A federal court has sided with the Trump administration, resolving a disagreement with New York Attorney General Letitia James over the broad scope of cost-cutting efforts to scrutinize US Treasury payments that they believe are bloated with excessive spending.
James was one of 18 Democratic attorneys general who sued to stop the US Department of Government Efficiency’s inquiry of the Treasury payment system. The clique suffered a significant blow on Tuesday when U.S. District Judge Jeannette Vargas of the Southern District of New York eased the final legal obstacle for the four DOGE workers entrusted with conducting the inquiry.
A previous injunction was also lifted when the Trump administration demonstrated that it had properly instructed the four employees to protect sensitive taxpayer information during the investigation.
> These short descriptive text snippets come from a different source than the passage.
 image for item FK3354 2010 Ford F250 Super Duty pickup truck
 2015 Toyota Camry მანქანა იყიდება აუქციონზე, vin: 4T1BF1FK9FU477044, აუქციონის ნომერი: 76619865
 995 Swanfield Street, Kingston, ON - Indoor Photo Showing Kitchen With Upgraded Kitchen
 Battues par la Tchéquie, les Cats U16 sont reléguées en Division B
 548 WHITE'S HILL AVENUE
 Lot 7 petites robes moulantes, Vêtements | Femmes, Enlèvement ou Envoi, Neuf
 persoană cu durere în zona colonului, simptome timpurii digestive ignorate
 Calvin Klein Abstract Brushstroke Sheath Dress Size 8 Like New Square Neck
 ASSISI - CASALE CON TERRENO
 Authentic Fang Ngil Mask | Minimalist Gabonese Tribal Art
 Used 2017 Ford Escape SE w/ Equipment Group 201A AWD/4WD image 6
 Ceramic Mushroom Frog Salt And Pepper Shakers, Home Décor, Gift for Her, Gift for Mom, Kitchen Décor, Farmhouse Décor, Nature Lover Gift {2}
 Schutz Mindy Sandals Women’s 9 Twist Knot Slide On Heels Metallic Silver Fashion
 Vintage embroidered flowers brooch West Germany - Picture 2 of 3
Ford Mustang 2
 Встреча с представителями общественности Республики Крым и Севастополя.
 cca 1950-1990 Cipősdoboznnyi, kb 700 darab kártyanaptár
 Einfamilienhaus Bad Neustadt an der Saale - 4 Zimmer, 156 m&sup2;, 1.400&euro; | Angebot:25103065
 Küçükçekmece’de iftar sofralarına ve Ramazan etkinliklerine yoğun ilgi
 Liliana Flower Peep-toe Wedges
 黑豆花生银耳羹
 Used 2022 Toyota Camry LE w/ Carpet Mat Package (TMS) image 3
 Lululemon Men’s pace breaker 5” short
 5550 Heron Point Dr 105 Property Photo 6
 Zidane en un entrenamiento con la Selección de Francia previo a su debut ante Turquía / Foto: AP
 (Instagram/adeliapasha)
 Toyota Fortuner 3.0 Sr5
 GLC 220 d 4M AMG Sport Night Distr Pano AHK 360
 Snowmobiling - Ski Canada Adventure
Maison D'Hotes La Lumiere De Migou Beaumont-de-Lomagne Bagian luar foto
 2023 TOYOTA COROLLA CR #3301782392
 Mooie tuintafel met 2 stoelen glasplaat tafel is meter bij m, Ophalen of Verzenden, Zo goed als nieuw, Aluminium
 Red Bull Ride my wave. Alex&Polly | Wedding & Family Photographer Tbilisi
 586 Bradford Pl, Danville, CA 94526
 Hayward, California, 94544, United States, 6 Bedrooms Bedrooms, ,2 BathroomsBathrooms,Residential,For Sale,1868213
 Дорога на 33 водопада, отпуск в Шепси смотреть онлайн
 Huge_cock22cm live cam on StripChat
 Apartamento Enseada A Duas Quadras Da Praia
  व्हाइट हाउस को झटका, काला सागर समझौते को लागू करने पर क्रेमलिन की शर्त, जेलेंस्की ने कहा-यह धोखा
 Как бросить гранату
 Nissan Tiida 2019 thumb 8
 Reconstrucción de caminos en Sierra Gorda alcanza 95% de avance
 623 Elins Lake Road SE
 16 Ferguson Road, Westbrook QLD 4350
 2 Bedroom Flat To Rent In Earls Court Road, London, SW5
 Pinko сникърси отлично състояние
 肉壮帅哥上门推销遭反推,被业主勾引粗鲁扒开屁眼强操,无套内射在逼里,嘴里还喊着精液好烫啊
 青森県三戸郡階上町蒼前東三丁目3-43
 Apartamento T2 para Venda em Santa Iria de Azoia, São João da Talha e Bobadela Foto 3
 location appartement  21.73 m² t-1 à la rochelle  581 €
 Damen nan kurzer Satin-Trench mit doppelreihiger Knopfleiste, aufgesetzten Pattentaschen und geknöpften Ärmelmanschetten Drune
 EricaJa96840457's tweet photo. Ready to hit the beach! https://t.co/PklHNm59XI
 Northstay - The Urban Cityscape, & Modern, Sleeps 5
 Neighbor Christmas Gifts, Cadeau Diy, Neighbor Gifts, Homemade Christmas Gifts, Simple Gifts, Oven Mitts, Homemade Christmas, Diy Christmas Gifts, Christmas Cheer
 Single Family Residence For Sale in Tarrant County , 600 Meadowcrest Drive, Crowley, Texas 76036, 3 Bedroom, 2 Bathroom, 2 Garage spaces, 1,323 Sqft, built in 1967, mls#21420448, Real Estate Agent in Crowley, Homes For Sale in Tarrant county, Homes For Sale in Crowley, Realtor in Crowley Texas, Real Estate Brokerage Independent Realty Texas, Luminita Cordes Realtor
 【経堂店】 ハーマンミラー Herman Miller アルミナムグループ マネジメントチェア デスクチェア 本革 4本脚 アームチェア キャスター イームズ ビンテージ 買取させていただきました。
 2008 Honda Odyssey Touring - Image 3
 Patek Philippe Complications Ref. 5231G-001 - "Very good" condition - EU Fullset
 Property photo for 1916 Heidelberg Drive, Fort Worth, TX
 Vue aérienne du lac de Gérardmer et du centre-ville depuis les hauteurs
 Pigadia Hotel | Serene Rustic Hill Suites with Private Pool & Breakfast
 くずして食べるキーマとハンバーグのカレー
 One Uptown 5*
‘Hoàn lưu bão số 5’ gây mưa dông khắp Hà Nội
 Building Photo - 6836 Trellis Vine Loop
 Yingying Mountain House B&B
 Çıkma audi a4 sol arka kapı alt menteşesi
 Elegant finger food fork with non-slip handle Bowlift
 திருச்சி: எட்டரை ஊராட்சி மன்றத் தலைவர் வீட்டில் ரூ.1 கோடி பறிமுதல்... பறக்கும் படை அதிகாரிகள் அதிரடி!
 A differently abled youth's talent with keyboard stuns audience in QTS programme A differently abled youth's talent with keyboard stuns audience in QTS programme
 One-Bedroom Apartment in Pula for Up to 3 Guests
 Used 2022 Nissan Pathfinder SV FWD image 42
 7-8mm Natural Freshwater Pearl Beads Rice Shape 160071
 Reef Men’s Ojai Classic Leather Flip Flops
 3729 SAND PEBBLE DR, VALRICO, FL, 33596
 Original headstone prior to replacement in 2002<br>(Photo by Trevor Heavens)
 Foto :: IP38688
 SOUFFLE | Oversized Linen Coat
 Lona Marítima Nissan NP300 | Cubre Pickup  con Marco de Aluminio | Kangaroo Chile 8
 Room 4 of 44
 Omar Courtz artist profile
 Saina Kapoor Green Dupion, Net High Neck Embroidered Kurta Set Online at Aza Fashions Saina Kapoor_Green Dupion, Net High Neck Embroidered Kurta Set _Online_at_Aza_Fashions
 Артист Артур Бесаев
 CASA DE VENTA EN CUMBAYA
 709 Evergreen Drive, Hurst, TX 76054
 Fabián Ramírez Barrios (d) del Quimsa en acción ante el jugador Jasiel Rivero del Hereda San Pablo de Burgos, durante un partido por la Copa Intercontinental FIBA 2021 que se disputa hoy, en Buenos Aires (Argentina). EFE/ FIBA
Vargas allowed access to one DOGE employee in April after they had finished a similar training session.
Before those judgments, the judge, a Biden appointee, mainly agreed with state prosecutors who contended that the Treasury’s access-granting mechanisms were insufficiently developed, potentially violating the law.
The current verdict also relieves DOGE of the need to seek a court order every time the austerity agency adds additional staff members to the Treasury inquiry.
“[T]here is little utility in having this Court function as Treasury’s de facto human resources officer each time a new team member is onboarded,” Vargas wrote in her order, Politico reported.
“The parties are in agreement that … the New DOGE Employees should be permitted to have access to (Bureau of the Fiscal Service) payment systems,” she explained.
Treasury DOGE team leader Tom Krause and DOGE members Linda Whitridge, Samuel Corcos, and Todd Newman collaborated to submit dozens of pages of paperwork outlining the rigorous training processes that workers would have to go through before accessing Treasury data.